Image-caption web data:

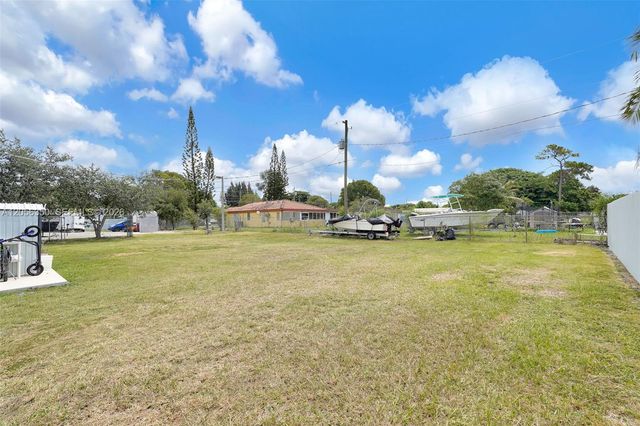 17821 SW 107th Ave, Miami, FL 33157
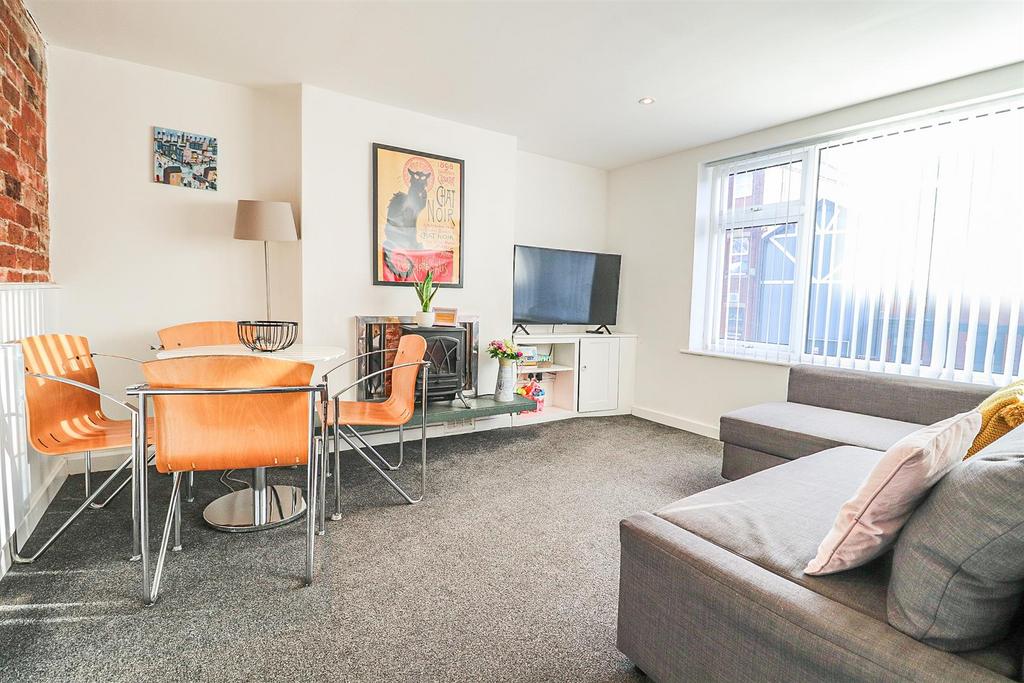 Living/Kitchen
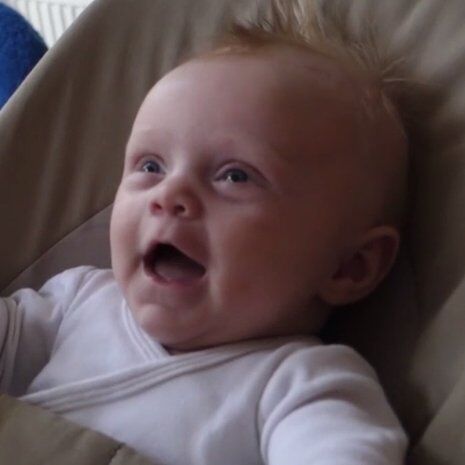 Illustratie bij: VIDEO: baby Céla-Lynn kan niet stoppen met lachen
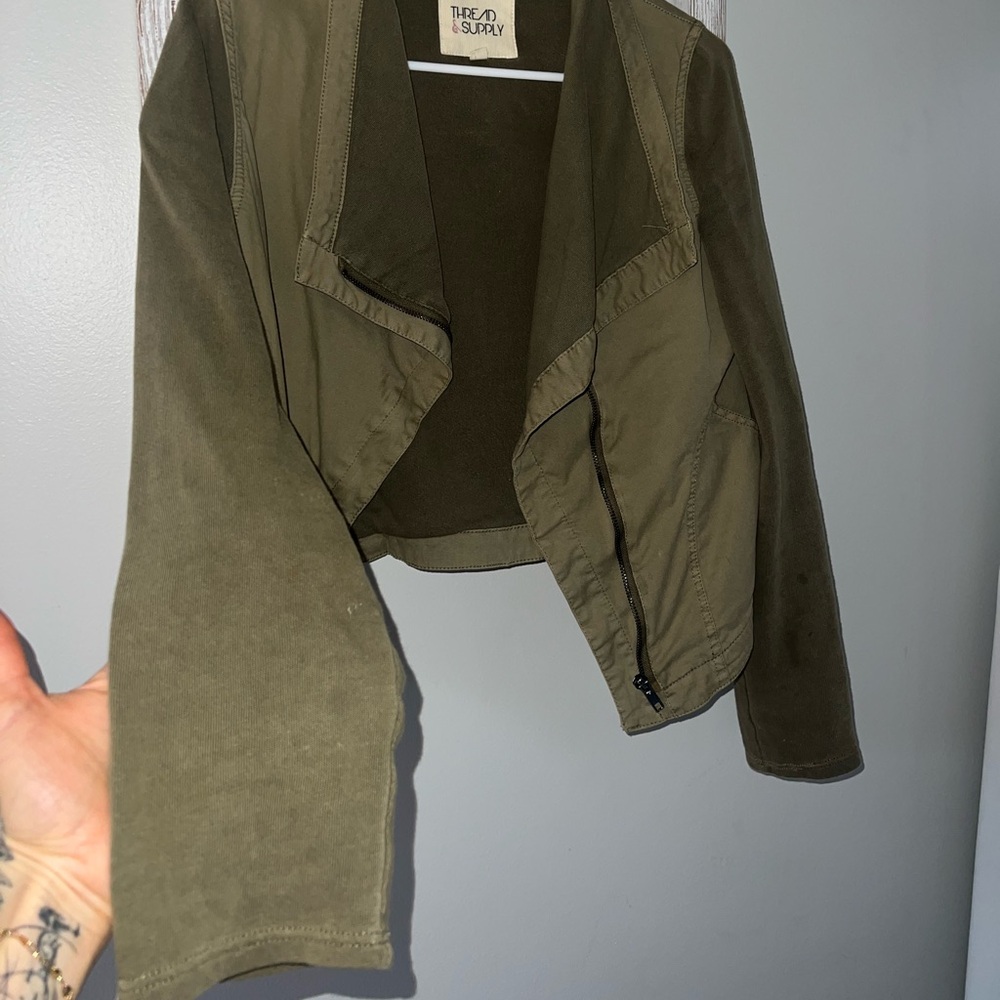 Jacket - Picture 5 of 5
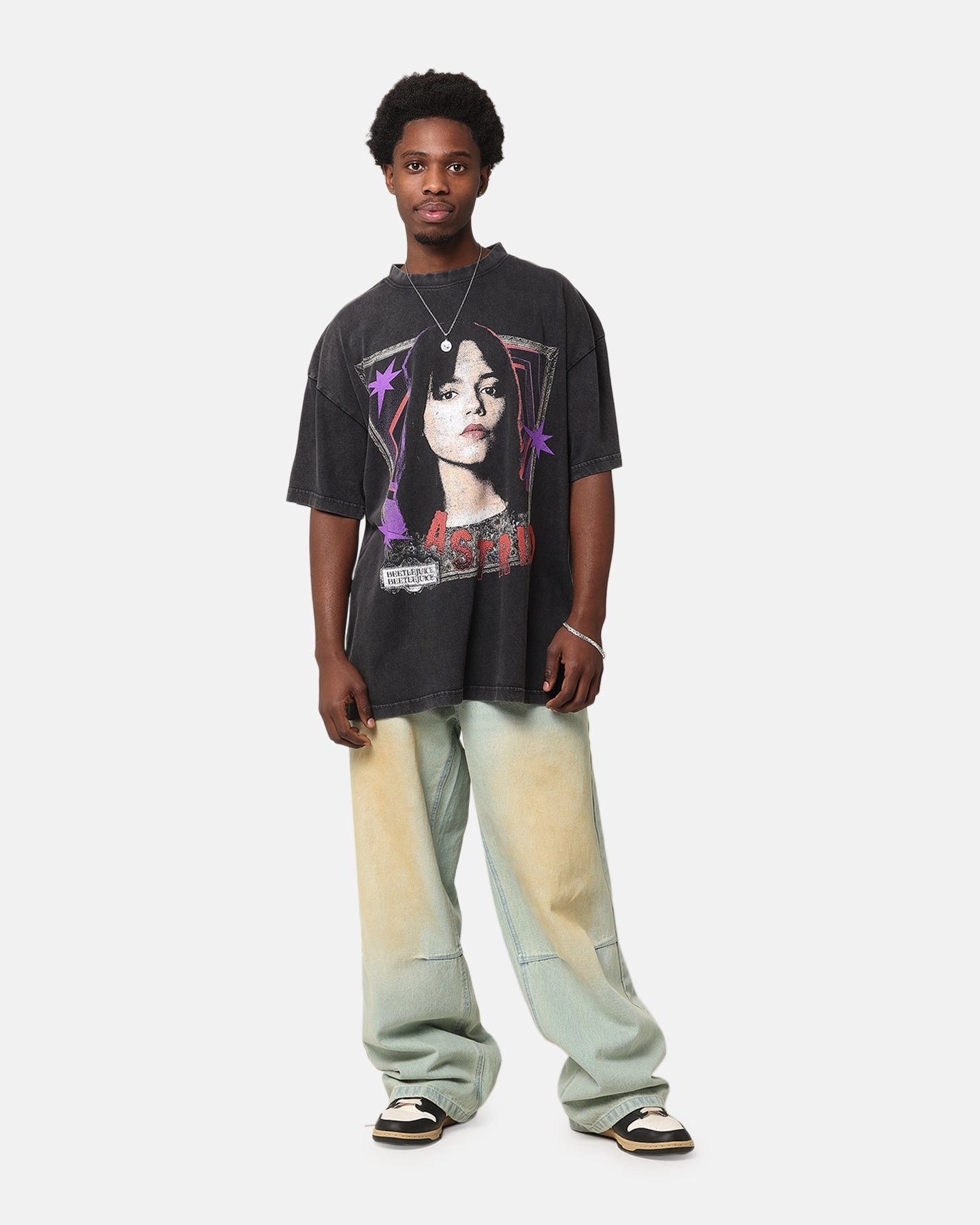 Fresh Outfit Versatile Comfort Wear Goat Crew X Beetlejuice Astrid Vintage T-Shirt Black Acidwash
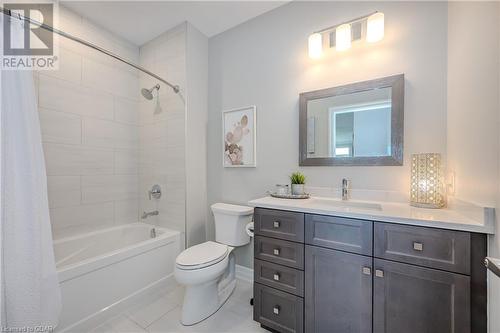 1880 Gordon Street Unit# 805, Guelph, ON - Indoor Photo Showing Bathroom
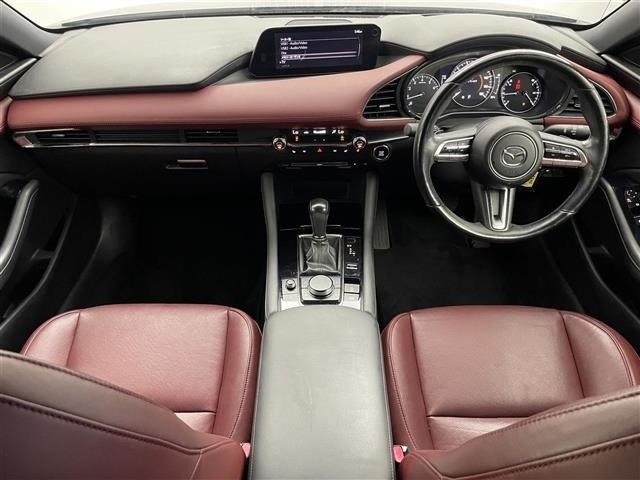 Mazda MAZDA3 2019 8272140-15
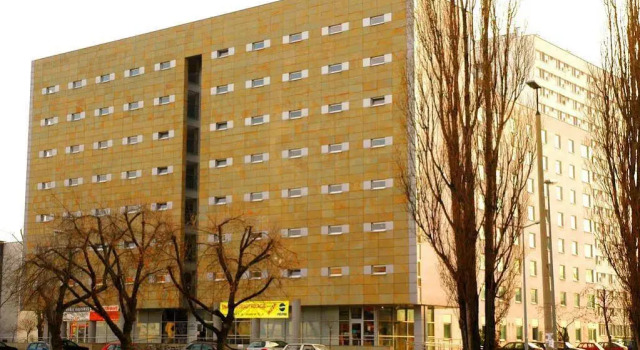 DS Za Kolumnami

Exercise objective: All the lines above are to be reproduced exactly, except the pictures.

Response:
 17821 SW 107th Ave, Miami, FL 33157
 Living/Kitchen
 Illustratie bij: VIDEO: baby Céla-Lynn kan niet stoppen met lachen
 Jacket - Picture 5 of 5
 Fresh Outfit Versatile Comfort Wear Goat Crew X Beetlejuice Astrid Vintage T-Shirt Black Acidwash
 1880 Gordon Street Unit# 805, Guelph, ON - Indoor Photo Showing Bathroom
 Mazda MAZDA3 2019 8272140-15
 DS Za Kolumnami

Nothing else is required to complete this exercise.